Prime Minister Rishi Sunak held a press conference this morning behind a lectern that read ‘Stop the Boats’.

However, new polling suggests that a majority of British voters do not have any confidence in the Prime Minister’s ability to fulfil that pledge.

A new YouGov poll in The Times shows that only 35 percent of Tories trust Mr Sunak on immigration compared to 54 percent who trust Nigel Farage.

While 28 percent of overall voters said they trust Farage on immigration, 26 percent of voters trust Labour leader Sir Keir Starmer, and 19 percent trust Sunak.

The survey, which spoke to 2,092 adults on January 16 and 17, was carried out in the middle of the parliamentary chaos this week as MPs voted on his flagship Rwanda bill.

READ MORE: Anti-British backlash erupts in Cyprus as hundreds protest RAF bases

While the rebellion failed, Mr Sunak suffered his biggest revolt since becoming PM, as around 60 backed changes to toughen up the legislation.

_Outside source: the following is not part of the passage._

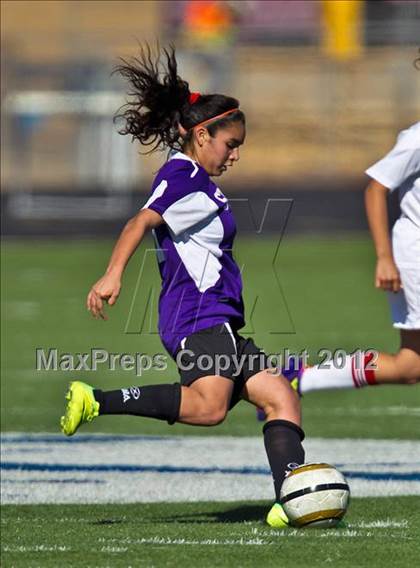 Thumbnail 2 in South Grand Prairie vs. Sunset (Emily Hunter Fish Bowl Tournament) photogallery.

Kelvin MacKenzie, the former editor of The Sun, posted a lengthy analysis of the immigration poll on X, formerly known as Twitter, as he explained why Tories trust Mr Farage’s “instinct on the issue” compared to other political figures.

McKenzie highlighted the case of Khairi Saadalla, a terrorist who murdered three men in a Reading park in 2020.

The case has been in the news again this week after the opening of an inquest into the murders.

He wrote: “Under [Farage’s] watch I don’t believe a piece of filth called Khairi Saadallah would have been allowed to spend years in our country.

“In fact under Farage he would never have been allowed to come here in the first place.”

He noted when Saadallah, who was given a whole-life jail term, arrived in 2013 from Libya he was already “a member of Ansar al-Sharia, the anti-Western death cult which had killed a US ambassador”.

The former newspaper editor continued: “As a Jihadist he had been trained to kill. There then followed years of violent behaviour, drugs, and convictions for assault. But he was never deported. Why?

“While in jail for the he spends time with a radical preacher. Fifteen days after leaving he goes to a park in Forbury Gardens, Reading, where three male friends are enjoying a summer evening.

“Shouting Allahu Akbar he murders all three by stabbing each of them just once in the neck.

“He had been trained to kill back in Libya.

“My question is how did a drug-taking, violent criminal with Jihardist background spend seven years here without somebody, anybody, saying we should kick him out?

“Apparently the Home Office thought Libya too dangerous for him.

“A park in Reading proved too dangerous for three friends.”

Mr McKenzie said that the stories like Saadallah are the reason why “Tories are so behind in the polls and why Farage has our confidence”.